Autism Researcher at the Telethon Kids Institute
At the age of 12, Gail Alvares found her calling. It was a story about a therapist using play-based therapy to help a child discover his sense of self that resonated with Gail. From that moment on, she was determined to work in developmental psychology.
Completing university in Sydney, it was in Gail’s honours year that she discovered a love for research. For her PhD, she focused on clinical conditions with social difficulties (social anxiety disorder, autism, schizophrenia), and worked as a research assistant, running a clinical trial of a new drug for children with autism. While she understood autism from a clinical perspective, Gail hadn’t experienced working with kids before, and described the experience as a “real turning point”.
Towards the end of her PhD, Gail applied for a postdoctoral position at the Telethon Kids Institute and says she has not once regretted the decision to move from Sydney. She is now in the Autism Research Team at the Telethon Kids Institute and an adjunct research fellow at The University of Western Australia (UWA). Her work investigates the underlying causes and mechanisms that lead to a diagnosis of autism, explores ways to identify autism as early as possible and asks how we can provide new and innovative therapy options to give children the best chance of living their lives to their full potential.
Working at the Telethon Kids Institute and with other researchers at UWA has cemented Gail’s commitment to improving health outcomes for children. She is inspired every day by the work of researchers committed to improving the lives of children with autism and their families, from conducting basic discovery research, to testing interventions and making government policy changes.

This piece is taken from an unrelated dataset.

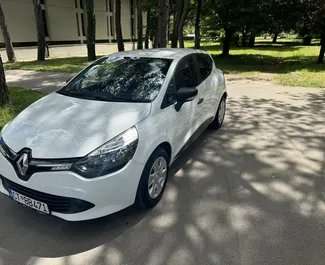 Wypożyczalnia Renault Clio 4 w Budvie, Czarnogóra ✓ Nr 10406. ✓ Skrzynia Manualna ✓ Opinii: 0.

“I always think no idea is too big or too impossible; in fact, the opposite is often true. We are too limited by our own self-doubt to truly pursue the biggest and most impossible dreams. At our institute we are often challenged in our research team to think about the big discoveries that could change a child’s life. Importantly, none of these dreams are ever done in isolation. We often come up with the biggest and most innovative ideas when we least expect it, and always with our friends, colleagues or our amazing kids.”
Gail’s lesson for others is to not pick a career because it is sensible or the ‘right choice’, but pursue the path that feeds your soul, makes you happy when you think about your work and makes you excited to tell strangers what you do.
“I constantly remind myself how fortunate I am to work in WA. The sense of community and research culture is unique here. None of the research I do could be done in the same way anywhere else.”